By Martin Macias, Jr., Courthouse News – January 17, 2020 – Media law experts gathered Thursday at a conference in Los Angeles to discuss shifts and trends in the entertainment world’s wide web of legal wrangling, contract disputes and lawsuits.
Attorneys, scholars and other law experts were convened by the Media Law Resource Center to discuss a number of issues, including best practices in securing consent agreements and clearances from the subjects of biographical films, documentaries and TV shows.
In many cases around the U.S., entertainment productions have been halted by lawsuits or have faced legal challenges after they’ve been broadcast.
Jean-Paul Jassy of the firm Jassy Vick Carolan asked a panel of experts to explain the challenges of telling someone’s story when there are complications with securing clearance rights.
Natalie Rodriguez, counsel at Warner Bros.
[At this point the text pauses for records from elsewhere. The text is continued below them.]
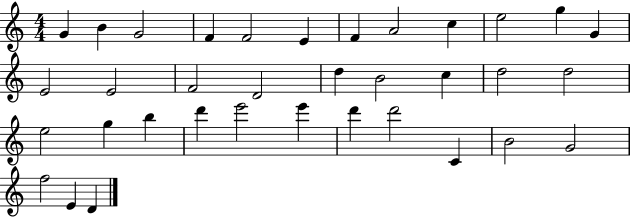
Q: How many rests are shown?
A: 0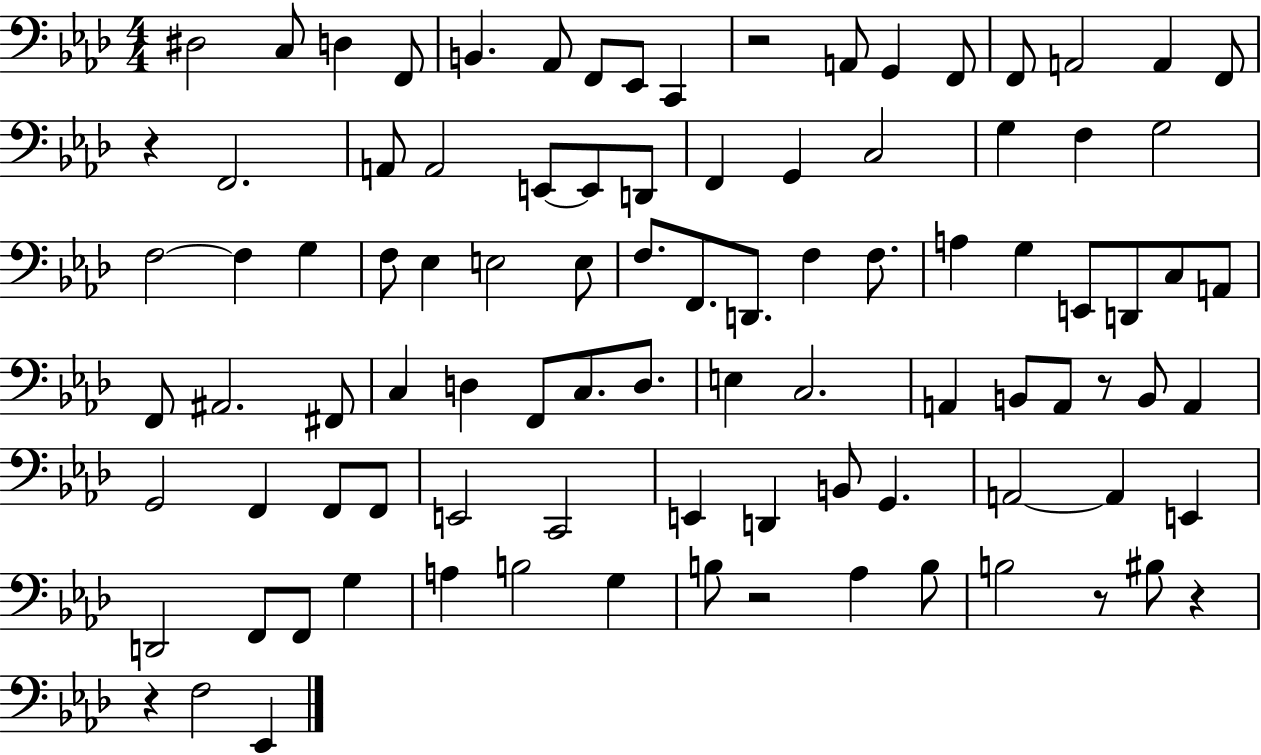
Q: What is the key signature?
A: AES major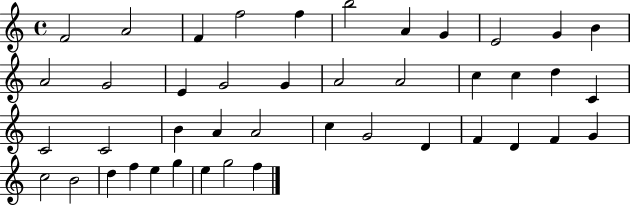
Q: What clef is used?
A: treble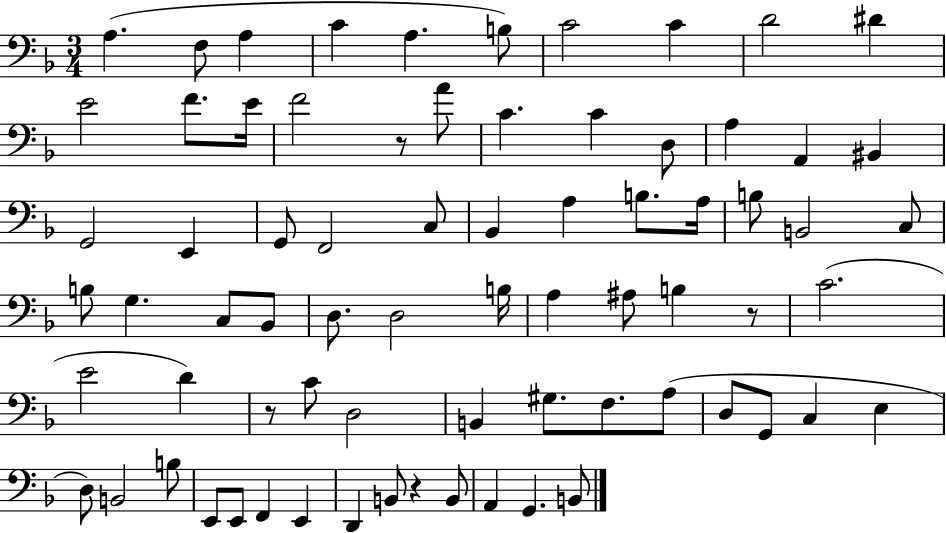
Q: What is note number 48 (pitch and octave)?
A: D3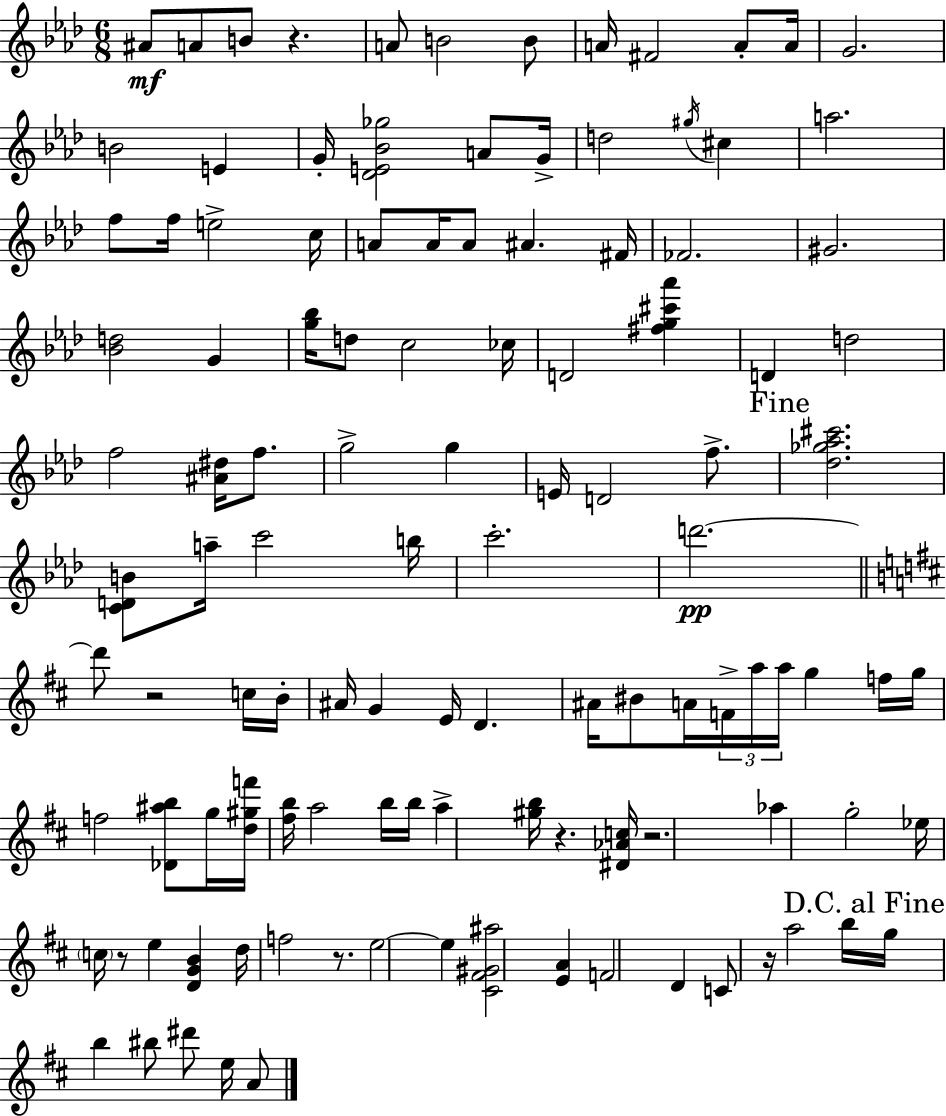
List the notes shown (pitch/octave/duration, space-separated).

A#4/e A4/e B4/e R/q. A4/e B4/h B4/e A4/s F#4/h A4/e A4/s G4/h. B4/h E4/q G4/s [Db4,E4,Bb4,Gb5]/h A4/e G4/s D5/h G#5/s C#5/q A5/h. F5/e F5/s E5/h C5/s A4/e A4/s A4/e A#4/q. F#4/s FES4/h. G#4/h. [Bb4,D5]/h G4/q [G5,Bb5]/s D5/e C5/h CES5/s D4/h [F#5,G5,C#6,Ab6]/q D4/q D5/h F5/h [A#4,D#5]/s F5/e. G5/h G5/q E4/s D4/h F5/e. [Db5,Gb5,Ab5,C#6]/h. [C4,D4,B4]/e A5/s C6/h B5/s C6/h. D6/h. D6/e R/h C5/s B4/s A#4/s G4/q E4/s D4/q. A#4/s BIS4/e A4/s F4/s A5/s A5/s G5/q F5/s G5/s F5/h [Db4,A#5,B5]/e G5/s [D5,G#5,F6]/s [F#5,B5]/s A5/h B5/s B5/s A5/q [G#5,B5]/s R/q. [D#4,Ab4,C5]/s R/h. Ab5/q G5/h Eb5/s C5/s R/e E5/q [D4,G4,B4]/q D5/s F5/h R/e. E5/h E5/q [C#4,F#4,G#4,A#5]/h [E4,A4]/q F4/h D4/q C4/e R/s A5/h B5/s G5/s B5/q BIS5/e D#6/e E5/s A4/e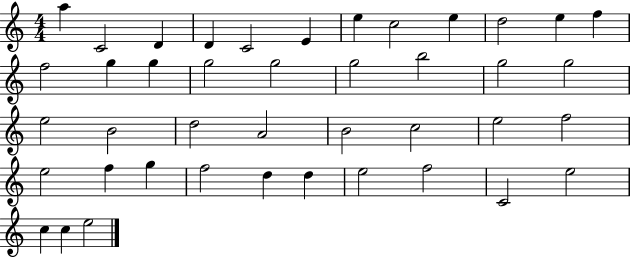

Pictures, told the crowd of about 150 people that when securing clearances, she pushes for agreements that ensure productions won’t be halted by lawsuits.
“My favorite thing to look for is a waiver of injunctive relief, besides consent to tell a story,” Rodriguez said. “That way you can make your movie and buy peace in the valley.”
Aaron Moss of Greenberg Glusker Fields told Jassy such clearance rights offer productions peace of mind when dramatizing or fictionalizing someone’s story.
“In the absence of clearance, you can still do a dramatization but [clearances] ensure that if you fictionalize you won’t be sued for defamation,” Moss said. “It also gives you access to information that might be private or not otherwise available.”
Jassy offered as an example the case brought by actress Olivia de Havilland who sued the creators of the docudrama series “Feud: Joan and Bette.”
De Havilland sued FX Network and the show creator, claiming the series portrayed her in a false light and never obtained permission to depict her.
A California appeals court ruled in 2018 that the series’ portrayal of the actress is protected by the First Amendment.
“Did the courts reassert what should be the rule?” Jassy asked the panel.
Moss said the ruling showed the boundaries of the law in such disputes.
“It’s a concise package and good go-to for producers to show the extent to which they enjoy First Amendment protections, including liberties to dramatize,” Moss said. “It also reminds us that celebrities that may be subject of biopics don’t have the right to veto or disapprove a filmmaker’s choice of how that individual will be portrayed.”
Mark Roesler of CMG Worldwide said that when a production involves facts that are publicly available, clearances are not required but are an “insurance policy.”
Jassy asked how entertainment attorneys counsel show creators on defamation and infringement cases, mentioning Colombian journalist Virginia Vallejo’s lawsuit against Netflix that alleged the studio infringed on her memoir about her relationship with drug kingpin Pablo Escobar.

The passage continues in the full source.